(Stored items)

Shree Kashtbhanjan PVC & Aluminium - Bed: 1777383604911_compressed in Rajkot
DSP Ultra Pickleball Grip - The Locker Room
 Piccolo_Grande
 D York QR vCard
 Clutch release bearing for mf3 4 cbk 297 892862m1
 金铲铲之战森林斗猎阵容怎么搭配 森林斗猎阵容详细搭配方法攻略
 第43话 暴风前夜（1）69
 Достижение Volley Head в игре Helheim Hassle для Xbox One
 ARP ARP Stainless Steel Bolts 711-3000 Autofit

**TASK TO COMPLETE**
Your reply should consist of the records, duplicated exactly.

**SOLUTION TO THIS PROBLEM**
Shree Kashtbhanjan PVC & Aluminium - Bed: 1777383604911_compressed in Rajkot
DSP Ultra Pickleball Grip - The Locker Room
 Piccolo_Grande
 D York QR vCard
 Clutch release bearing for mf3 4 cbk 297 892862m1
 金铲铲之战森林斗猎阵容怎么搭配 森林斗猎阵容详细搭配方法攻略
 第43话 暴风前夜（1）69
 Достижение Volley Head в игре Helheim Hassle для Xbox One
 ARP ARP Stainless Steel Bolts 711-3000 Autofit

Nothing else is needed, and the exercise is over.